Having gone back up to the top flight this summer and made his move to Genoa permanent – finally taking the brave decision to leave Juventus behind for good – Dragusin has seen less of the ball and has had to do far more defending. Again, he has proved able to adapt.
Only Cagliari’s Alberto Dossena (97) has made more clearances in Serie A this season than Dragusin (87). He also ranks third both for headed clearances (45) and aerial duels won (59), with the latter tally the most of all defenders.
When the ball is on the floor, he prefers not to make an attempt to win the ball with a tackle, instead hoping for a physical battle – he has actually had more shots this season (17) than he has attempted tackles (16). He is very strong and extremely quick – something that will help him in Tottenham’s high line and cover across the pitch in the space vacated by the attacking inverted full-backs – so he is more than happy for his opponent to try and take him on.
His tendency not to attempt tackles and the fact he has good recovery pace mean he doesn’t get caught out very often (sounds a bit like Van de Ven, right?). He has only been dribbled past once all season and has also only been booked once. By way of comparison, one of Tottenham’s current stand-in centre-backs, Emerson Royal, is being dribbled past on average 1.7 times every 90 minutes this season and has three yellow cards to his name in 14 hours less playing time than Dragusin (777 minutes compared to 1,710).
It would be difficult for any new signing to be more rash than the woefully ill-disciplined Romero but Spurs fans will still be pleased nonetheless to know how infrequently Dragusin gets booked.
He has mostly played in a back three over the past 18 months for Genoa, but Spurs often build with a three-man defence as both full-backs invert simultaneously, so he could well learn their in-possession game without too much trouble.

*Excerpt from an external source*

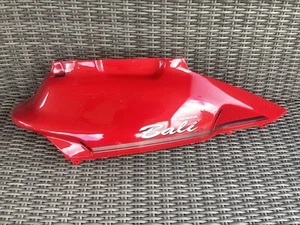 Seitenverkleidung Honda Bali SJ50 in Farbe rot  rechte Seite - Bild 1 von 2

He is also extremely versatile; despite playing most of his football at left centre-back, he can play across the back line. In Genoa’s last six games, for example, he has played on the left side of the back three twice, in the middle of the three on three occasions, and once on the right side of the three. The fact that he alone can act as a back-up to both Van de Ven and Romero as a left-sided or right-sided centre-back is a huge bonus. He also has the potential to one day usurp one of them.
Blessin, having worked closely with the youngster, is in no doubt as to Dragusin’s prospects in the Premier League.
“He is a model professional,” he says. “He has the perfect character to make his next step a success.”
All the ingredients are there to suggest this is another Serie A import that Spurs fans should be excited about.